The U.S. economy entered the era of coronavirus on a strong footing but consumers are worried about the short-term future, a survey of consumers showed Tuesday.
The Conference Board’s index of consumer confidence fell sharply in March but the decline was nearly all attributable to the expectations portion of the survey. The present situation component fell from 169.3 to 167.7, a small decline to a still historically elevated level, indicating that U.S. consumers felt comfortable with their jobs and business conditions even as many parts of the economy began to shut down in March.
The expectations gauge, however, crashed. This fell from 108.1 last month to 88.2 in March, the lowest level of the Trump presidency.
“Consumer confidence declined sharply in March due to a deterioration in the short-term outlook,” said Lynn Franco, Senior Director of Economic Indicators at The Conference Board. “March’s decline in confidence is more in line with a severe contraction – rather than a temporary shock – and further declines are sure to follow.”
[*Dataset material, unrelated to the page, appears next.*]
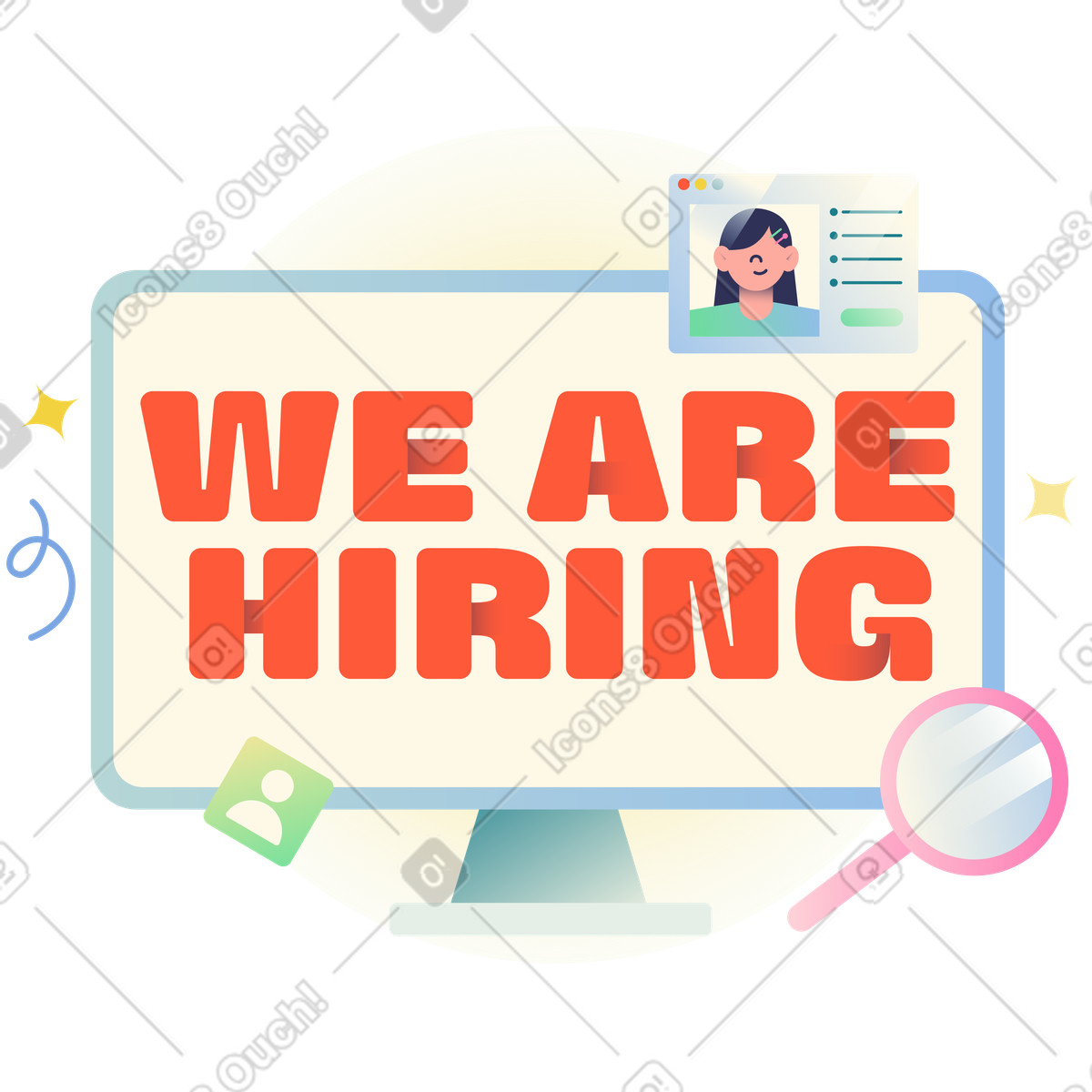 Lettering We Are Hiring in computer screen with magnifier text illustration Beam style download PNG, SVG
The resilience in the current conditions was evident in views of both general business conditions and the labor market. The share of consumers claiming business conditions are “good” was relatively unchanged at 39.6 percent, while those claiming business conditions are “bad” increased, from 10.8 percent to 11.4 percent. Those saying jobs are “plentiful” decreased from 46.5 percent to 44.9 percent, while those claiming jobs are “hard to get” was unchanged at 13.9 percent.
The outlook for the next six months is where the coronavirus had its biggest impact. The percentage of consumers expecting improved business conditions over the next six months fell from 20.6 percent to 18.2 percent, while those expecting business conditions will worsen more than doubled, from 7.2 percent to 14.9 percent. The share expecting more jobs slipped from 16.6 percent to 15.5 percent, while those anticipating fewer jobs jumped, from 12.0 percent to 17.1 percent.
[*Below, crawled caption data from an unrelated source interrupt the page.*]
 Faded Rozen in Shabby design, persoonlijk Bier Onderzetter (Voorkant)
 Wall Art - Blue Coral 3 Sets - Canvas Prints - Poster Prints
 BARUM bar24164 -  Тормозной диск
Regarding their short-term income prospects, the share expecting an increase fell from 22.7 percent to 20.7 percent, while the share expecting a decrease rose from 6.1 percent to 8.8 percent.
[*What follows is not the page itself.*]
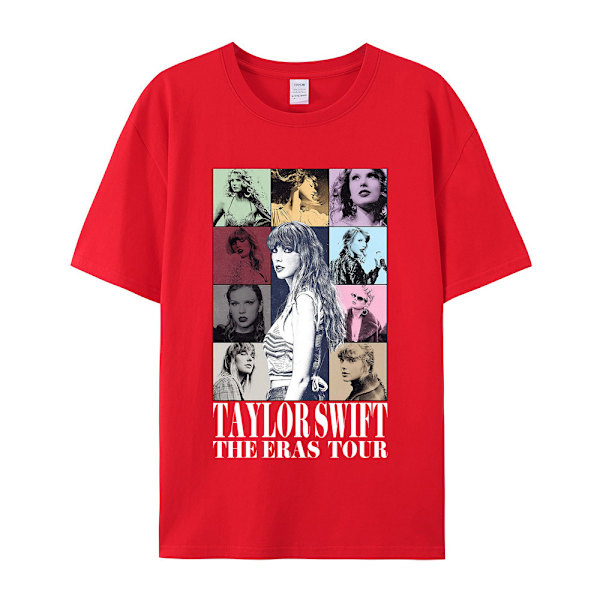 Taylor Swift trykt T-shirt med korte ærmer til damer, rød, XXXL röd XXXL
All of those figures are likely to get significantly worse in the next few months. The measures of the present situation will catch up with the expectations for the future, while the expectations gauge will likely not improve until real progress against the virus is evident. As of March, far too many consumers expect improved business conditions and far too few anticipate fewer jobs, implying that consumers will encounter downside economic shocks in the months ahead.